My Mirror Staring Back at Me: Timberwolves at Thunder Preview

Call it a November hangover, but tonight the Timberwolves take on the Thunder in the second-half of a back-to-back. At least from here they will be off until Wednesday when they play the Spurs in Mexico City, but they still won’t be returning to Target Center until Saturday against the Heat. Yes, they play the Thunder, Spurs and Heat consecutively this week. Ideally, you’re happy if you come away from this stretch with one or two wins.

As for tonight, the Timberwolves face an Oklahoma City team that  has won six games ina  row and now has Russell Westbrook back. Yes, even a struggling Russell Westbrook is still a dangerous Russell Westbrook; just ask the Warriors.
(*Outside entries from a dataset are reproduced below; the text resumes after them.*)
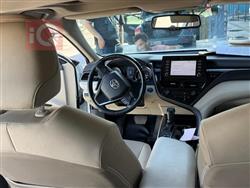 تۆیۆتا کامری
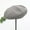 Dark Gray, variant on Herrnalise Beret Hat Beanie Cap Solid Color Hat for Women and Girls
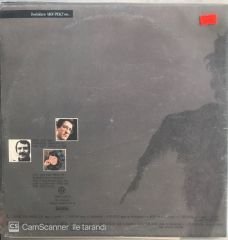 Zülfü Livaneli - Theodorakis - Güneş Topla Benim İçin LP 1985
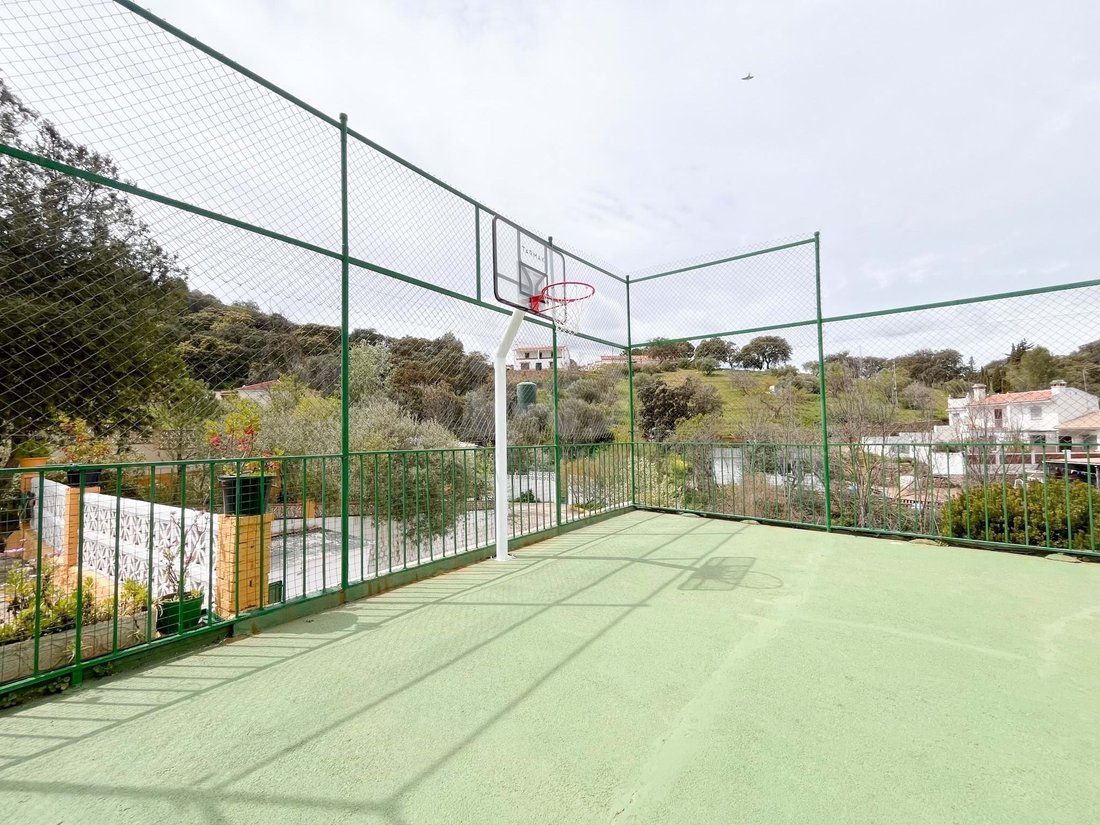 Country House in Casabermeja, Andalusia, Spain 4 - 15482076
While Westbrook’s return has rejuvenated the Thunder, having Nikola Pekovic back in his own rhythm has been valuable to the Timberwolves. And with Luc Mbah a Moute on board, the Timberwolves will be able to change up the looks that defenders see between him and Corey Brewer. These teams typically matchup very well and games are usually always competitive. The two things to remember about this Thunder team is that they can now play some defense and you really don’t want to send them to the line because they’re going to make them 80 percent of the time.

Kendrick Perkins is listed as probable for the Thunder, which is probably a better thing for the Timberwolves than the Thunder. Both of these times like to run, get to the line and make their shots, so the team that is able to get the most stops should be the one to come out on top this time. Just don’t expect a blowout like the first time these two teams met this season.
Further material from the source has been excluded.